At NYU, Cuomo sought to woo us back. He laid out a plan with five points. Among them:
• Lawmakers “will have to disclose to the public all the outside income they receive, from who, for what and whether there is any connection to the state government or the office that they hold.”
• After Citizens United, the state cannot limit independent campaign expenditures but it can “require disclosure.… We are proposing the strongest campaign finance disclosure rules in the nation by increasing the frequency and the detail of campaign and independent filing expenditures.”
• “Per diems have become backdoor salary supplements. Legislators travel to Albany because they make money on the per diems, believe it or not. We must ensure that per diems are only for actual and necessary costs or paid as a fixed amount.”
Cuomo acknowledged that he needs the legislature’s cooperation to do these things. Pressure from its leaders may explain why he dissolved the Moreland Commission. The criminal complaint against former Assembly Speaker Sheldon Silver alleges sleazy details that Silver would not have wanted the commission to uncover. How will the governor persuade lawmakers to agree this time?
“I will not sign a budget,” he pledged, “that does not have an ethics plan as outlined in my proposal that addresses the current problems in the system.” He called this his “leverage.” The State has passed four budgets in a row and on time, he reminded the audience, which hasn’t happened since Nelson Rockefeller. But Cuomo said that his pledge “means in all probability that we will not have a fifth on-time amicable budget.”
This is “go ahead, make my day,” kind of talk.
In tone and word, Cuomo told us that he is done with compromise on ethics legislation. Here was a new (or renewed) Cuomo.
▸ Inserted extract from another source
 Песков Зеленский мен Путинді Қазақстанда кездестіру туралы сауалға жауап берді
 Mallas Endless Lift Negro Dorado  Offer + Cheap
Should we trust him with our hearts once more? Cautiously. Cuomo repeatedly invoked the memory of his father, Mario Cuomo, who died January 1. “My father’s driving philosophy was as simple as it was powerful,” Cuomo said. “We should do good things while we are on Earth…. Why? Because it’s the right thing to do, and because it’s the smart thing to do.” It seemed that Andrew was offering Mario’s moral authority as a marker for his promises and that Andrew meant it that way. It may be the best security we could want.